• **Input data**:
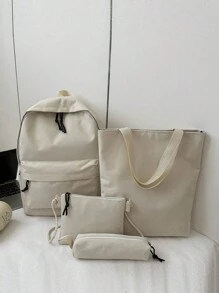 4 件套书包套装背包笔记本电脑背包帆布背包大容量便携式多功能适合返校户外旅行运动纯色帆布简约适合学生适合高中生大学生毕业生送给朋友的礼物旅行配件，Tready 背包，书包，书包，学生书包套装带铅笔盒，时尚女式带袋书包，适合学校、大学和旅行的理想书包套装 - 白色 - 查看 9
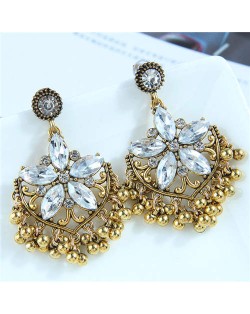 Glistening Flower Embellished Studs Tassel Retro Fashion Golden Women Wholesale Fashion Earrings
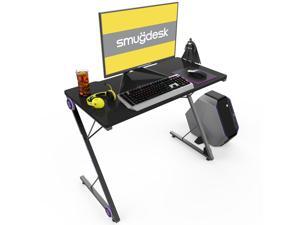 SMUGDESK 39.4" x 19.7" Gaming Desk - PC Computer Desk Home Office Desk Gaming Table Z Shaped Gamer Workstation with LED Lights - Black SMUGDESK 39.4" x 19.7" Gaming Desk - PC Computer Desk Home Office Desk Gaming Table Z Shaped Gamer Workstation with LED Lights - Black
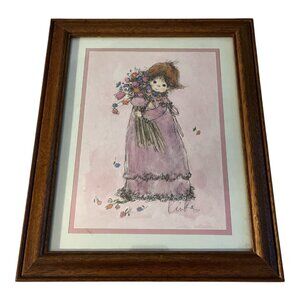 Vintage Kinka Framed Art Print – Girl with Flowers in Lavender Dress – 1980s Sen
---
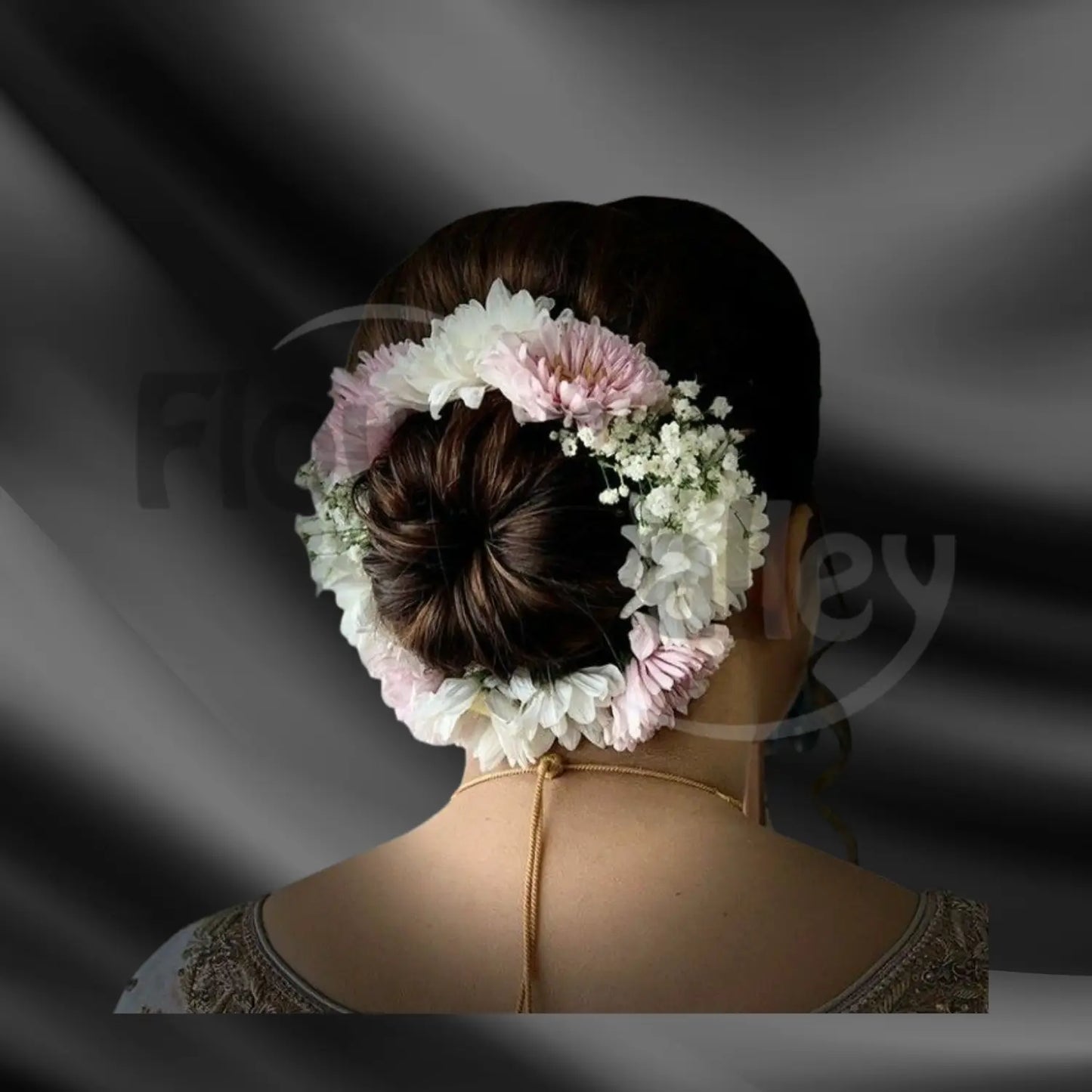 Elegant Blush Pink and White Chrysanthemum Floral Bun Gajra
---
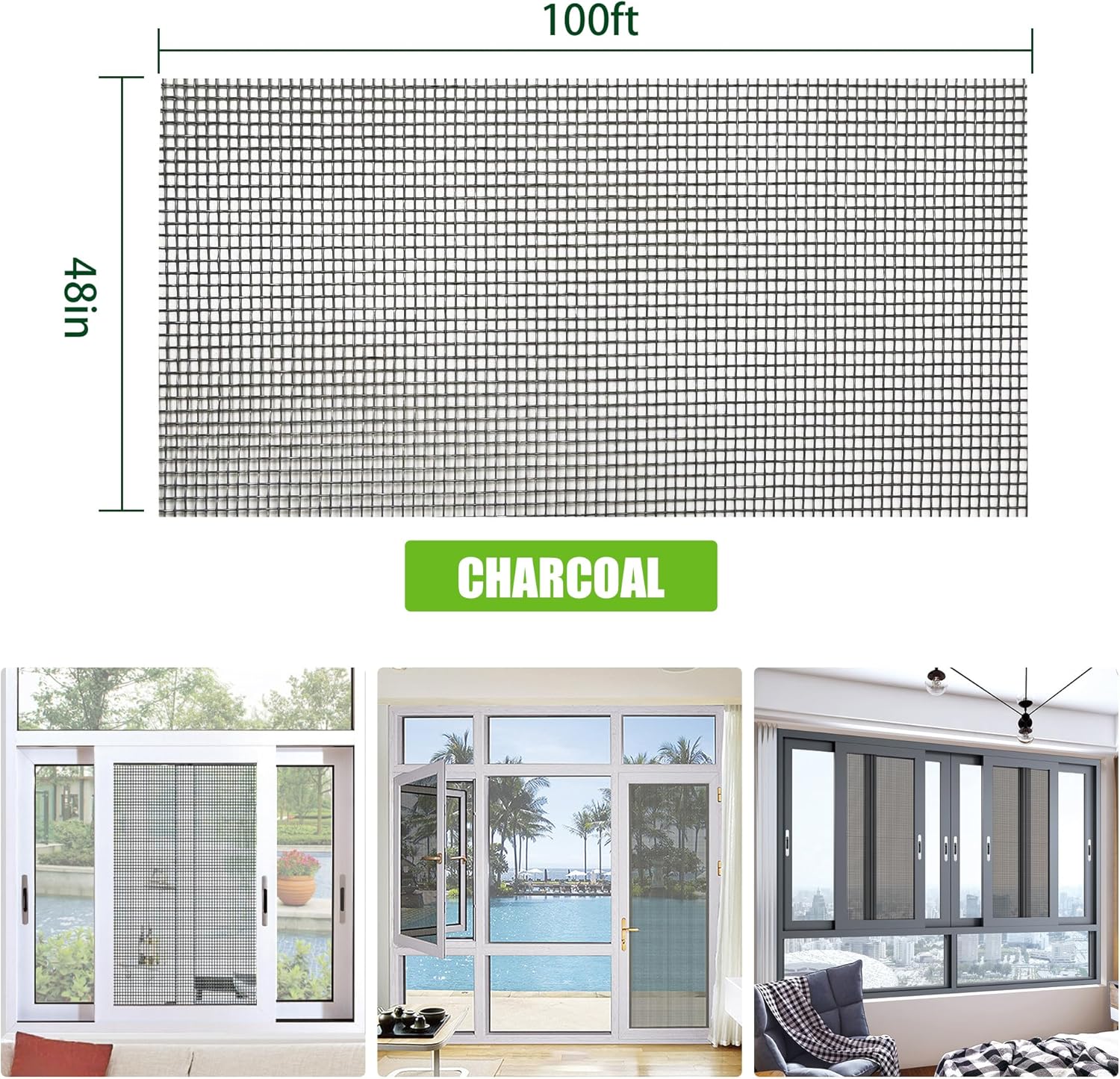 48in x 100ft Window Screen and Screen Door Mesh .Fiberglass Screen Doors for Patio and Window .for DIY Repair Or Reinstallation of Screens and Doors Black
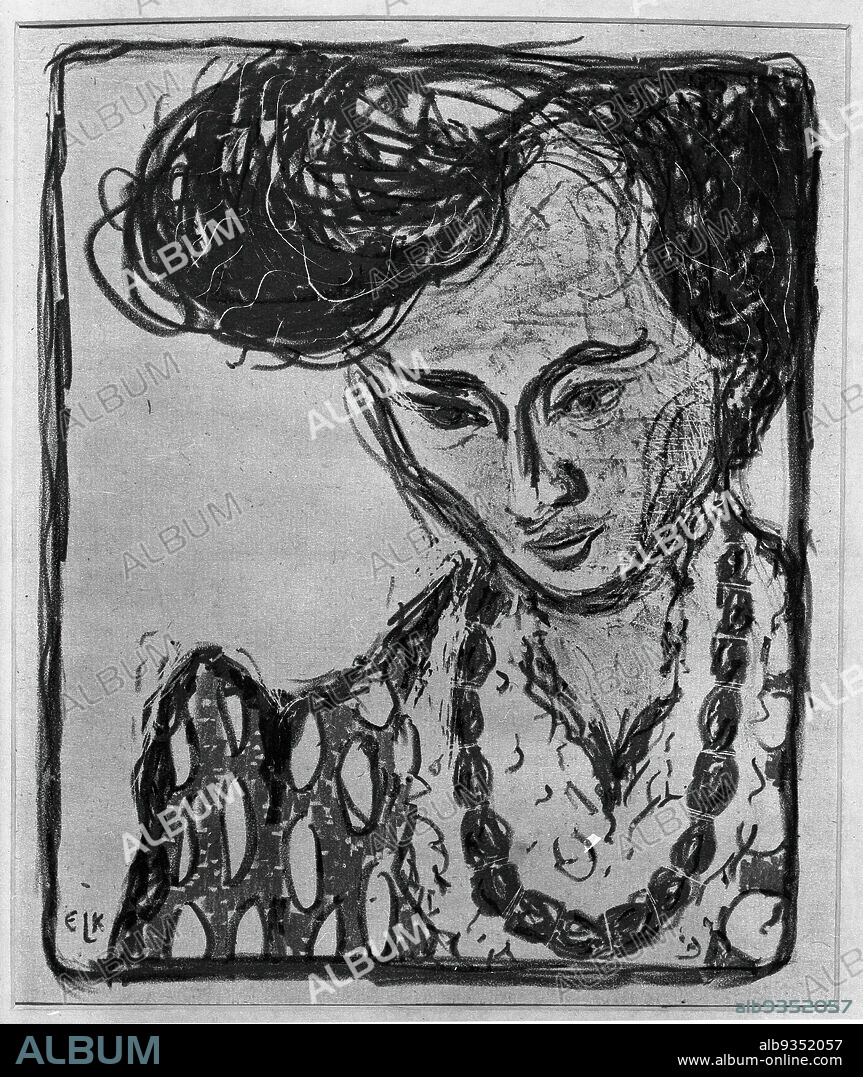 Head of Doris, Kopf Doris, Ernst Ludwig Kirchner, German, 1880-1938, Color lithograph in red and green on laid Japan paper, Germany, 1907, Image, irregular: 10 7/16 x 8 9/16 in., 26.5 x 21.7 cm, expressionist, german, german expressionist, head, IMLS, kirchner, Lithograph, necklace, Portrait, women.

• **What the exercise asks**: Please output, exactly as written, the lines above from the one holding "- 白色 - 查看 9" through the one holding "Glistening Flower Embellished", both included, with the pictures omitted.

• **The answer**:
 4 件套书包套装背包笔记本电脑背包帆布背包大容量便携式多功能适合返校户外旅行运动纯色帆布简约适合学生适合高中生大学生毕业生送给朋友的礼物旅行配件，Tready 背包，书包，书包，学生书包套装带铅笔盒，时尚女式带袋书包，适合学校、大学和旅行的理想书包套装 - 白色 - 查看 9
 Glistening Flower Embellished Studs Tassel Retro Fashion Golden Women Wholesale Fashion Earrings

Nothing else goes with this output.